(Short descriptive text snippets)
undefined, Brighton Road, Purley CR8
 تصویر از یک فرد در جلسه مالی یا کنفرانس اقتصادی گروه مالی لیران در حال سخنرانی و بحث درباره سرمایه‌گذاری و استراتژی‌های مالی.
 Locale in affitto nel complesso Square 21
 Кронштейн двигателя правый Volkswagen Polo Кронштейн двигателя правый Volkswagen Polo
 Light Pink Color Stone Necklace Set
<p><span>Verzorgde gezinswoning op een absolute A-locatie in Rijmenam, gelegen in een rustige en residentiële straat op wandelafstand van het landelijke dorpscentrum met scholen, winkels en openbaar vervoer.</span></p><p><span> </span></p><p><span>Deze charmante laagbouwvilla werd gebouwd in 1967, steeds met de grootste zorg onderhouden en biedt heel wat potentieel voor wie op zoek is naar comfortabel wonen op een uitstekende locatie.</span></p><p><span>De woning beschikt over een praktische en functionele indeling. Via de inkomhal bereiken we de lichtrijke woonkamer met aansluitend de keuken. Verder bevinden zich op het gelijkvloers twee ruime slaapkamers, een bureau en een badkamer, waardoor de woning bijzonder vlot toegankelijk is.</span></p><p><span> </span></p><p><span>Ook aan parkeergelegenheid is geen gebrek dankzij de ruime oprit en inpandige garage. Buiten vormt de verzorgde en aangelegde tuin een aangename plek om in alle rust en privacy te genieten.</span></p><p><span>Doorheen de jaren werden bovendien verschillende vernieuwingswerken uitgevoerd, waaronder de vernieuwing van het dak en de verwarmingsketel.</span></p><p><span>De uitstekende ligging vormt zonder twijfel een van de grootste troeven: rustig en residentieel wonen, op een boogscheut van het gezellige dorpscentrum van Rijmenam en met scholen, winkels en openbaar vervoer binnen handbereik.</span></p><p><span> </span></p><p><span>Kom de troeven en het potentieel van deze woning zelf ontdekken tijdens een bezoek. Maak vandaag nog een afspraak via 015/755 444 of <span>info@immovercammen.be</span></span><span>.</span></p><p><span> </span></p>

# BRIEF
Send back exactly the lines from the line with "Кронштейн двигателя правый Volkswagen Polo Кронштейн" through the end of the records.

# ANSWER TO THIS PROBLEM
 Кронштейн двигателя правый Volkswagen Polo Кронштейн двигателя правый Volkswagen Polo
 Light Pink Color Stone Necklace Set
<p><span>Verzorgde gezinswoning op een absolute A-locatie in Rijmenam, gelegen in een rustige en residentiële straat op wandelafstand van het landelijke dorpscentrum met scholen, winkels en openbaar vervoer.</span></p><p><span> </span></p><p><span>Deze charmante laagbouwvilla werd gebouwd in 1967, steeds met de grootste zorg onderhouden en biedt heel wat potentieel voor wie op zoek is naar comfortabel wonen op een uitstekende locatie.</span></p><p><span>De woning beschikt over een praktische en functionele indeling. Via de inkomhal bereiken we de lichtrijke woonkamer met aansluitend de keuken. Verder bevinden zich op het gelijkvloers twee ruime slaapkamers, een bureau en een badkamer, waardoor de woning bijzonder vlot toegankelijk is.</span></p><p><span> </span></p><p><span>Ook aan parkeergelegenheid is geen gebrek dankzij de ruime oprit en inpandige garage. Buiten vormt de verzorgde en aangelegde tuin een aangename plek om in alle rust en privacy te genieten.</span></p><p><span>Doorheen de jaren werden bovendien verschillende vernieuwingswerken uitgevoerd, waaronder de vernieuwing van het dak en de verwarmingsketel.</span></p><p><span>De uitstekende ligging vormt zonder twijfel een van de grootste troeven: rustig en residentieel wonen, op een boogscheut van het gezellige dorpscentrum van Rijmenam en met scholen, winkels en openbaar vervoer binnen handbereik.</span></p><p><span> </span></p><p><span>Kom de troeven en het potentieel van deze woning zelf ontdekken tijdens een bezoek. Maak vandaag nog een afspraak via 015/755 444 of <span>info@immovercammen.be</span></span><span>.</span></p><p><span> </span></p>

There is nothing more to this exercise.